Sisterhood of Dirt
Excavation
I find the first one on my way home from school, as I’m crossing the forest. My feet refuse to move. My knees buckle, and I fall to the ground. Trees watch as I dig, watch as my hair ribbon billows.
I feel it before I see it—a hand, peeking out from the dirt. Small like mine, fingernails painted pink but chipped and cruddy. I tug and tug, and out pops a girl. She looks like me but not. We latch onto each other and walk. We walk until our feet stop and our knees buckle. We drop down to dig. Excavation is easier with extra hands. We scrape away dirt, and out pops another girl. Then another, and another. Our army accrues. Finally there are seven of us, and we decide that is enough.
Domesticity
We line the bathtub like days of the week. We decide we like sisterhood, we like it very much. Seven is a good number, a perfect number, we don’t need any more.
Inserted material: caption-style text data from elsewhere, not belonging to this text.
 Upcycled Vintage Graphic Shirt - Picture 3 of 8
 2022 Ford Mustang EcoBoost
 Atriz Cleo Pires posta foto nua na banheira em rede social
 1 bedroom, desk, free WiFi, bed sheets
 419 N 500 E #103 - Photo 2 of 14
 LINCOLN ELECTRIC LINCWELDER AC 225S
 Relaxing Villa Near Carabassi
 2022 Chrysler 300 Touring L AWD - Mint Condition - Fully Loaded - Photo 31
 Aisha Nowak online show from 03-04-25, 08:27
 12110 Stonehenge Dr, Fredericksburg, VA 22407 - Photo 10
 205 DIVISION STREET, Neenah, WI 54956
What we need is to get clean. We scrub each other with loofahs Mother left behind when she went and died. Scrub behind the ears. Between the toes. Scrub the scalp till the dandruff is gone, sprinkled in the tub like confetti.
Clean! one of us shouts.
Clean, we agree.
We don’t need a mother or a father because we are more than enough.
Taken
The authorities do not agree. The authorities say we are children, and children need caretaking.
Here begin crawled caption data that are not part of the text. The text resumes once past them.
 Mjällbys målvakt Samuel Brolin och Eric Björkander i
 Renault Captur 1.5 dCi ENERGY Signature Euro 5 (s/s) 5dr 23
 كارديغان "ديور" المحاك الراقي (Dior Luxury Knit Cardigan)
The authority stands at our front door, belly bulging into the foyer, peering into the household, observing our deadish father on our dirty filthy couch. The authority tries to snatch us with his giant hairy claws, but we pounce on him.
We dangle from his body, scraping, fighting, biting. The authority says we need order and discipline. Sedation! Our teeth draw blood. The authority does not shoot us because we’ve chewed up his gun.
Tower
We are taken to a nearby convent and placed in its tower. A round room with five cots—the nuns didn’t count right. Sometimes we blend into each other. We have started to look so very much alike. Scrappy straw hair and storm-cloud eyes. We need distinction. We crave it. We’re almost thirteen after all.
Thus we name ourselves: Mercury, Venus, Earth, Mars, Jupiter, Saturn, and Neptune. We skip Uranus because none of us wants Uranus. Neptune wants Pluto, but we tell her SHUT UP, NEPTUNE, PLUTO IS NOTHING, PLUTO IS A ROACH BENEATH OUR SHOES.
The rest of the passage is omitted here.